Perro muerto

En armonía con la derogatoria de tales multas, el proyecto propone (disposición transitoria cuarta) que los procesos administrativos sancionadores que estén en marcha en la Supercom queden sin efecto, sin imposición de sanción, pues obviedad es que si desaparece la pena no puede pretender el Estado continuar imponiéndola. Opera aquí con toda fuerza el principio constitucional de favorabilidad, según el cual si una ley posterior a la (real o supuesta) infracción es más benigna que la previa, debe aplicarse la nueva, por ser menos rigurosa (Constitución, art. 76, 5º).

Inexplicablemente, sin embargo, el propio proyecto pretende que ese principio constitucional de favorabilidad no se aplique en los casos en que se esté discutiendo judicialmente multas impuestas previamente por la Supercom (disposición transitoria tercera). Pretende el proyecto que el Estado siga gastando dinero en litigios en que defiende, en general, las actuaciones abusivas del censurado exsuperintendente Carlos Ochoa. Y pretende seguir exponiéndose a indemnizar a los afectados.

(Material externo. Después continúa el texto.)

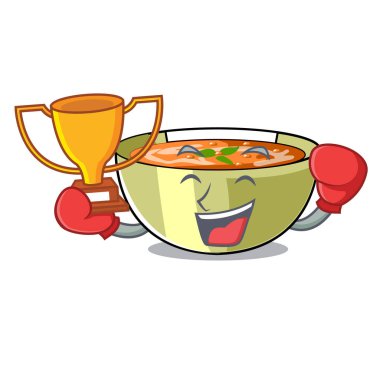 Kazanan mercimek çorbası bir karikatür plaka vektör halat üzerinde boks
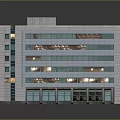 Modern Multi Story Residential Building With Gray Facade Illuminated Windows And Ground Floor Shops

Esto es inadmisible. No solo porque no se está frente a multas firmes o consolidadas (el proceso judicial en marcha lo impide). No solo porque no tiene sentido que el Estado pretenda tramposamente embolsicarse multas que hoy considera improcedentes. No es solo eso. Lo peor es que el tratamiento diferenciado (procesos administrativos en marcha versus procesos judiciales en marcha) resulta restrictivo del principio de favorabilidad, pues desaparecida la sanción no puede ejecutársela. A nadie. Esa restricción también es inconstitucional (Constitución, art. 11, 4º).

Muerto el perro se acabó la rabia. Pero aquí quieren dar perro muerto. Toca a la Asamblea corregir el despropósito.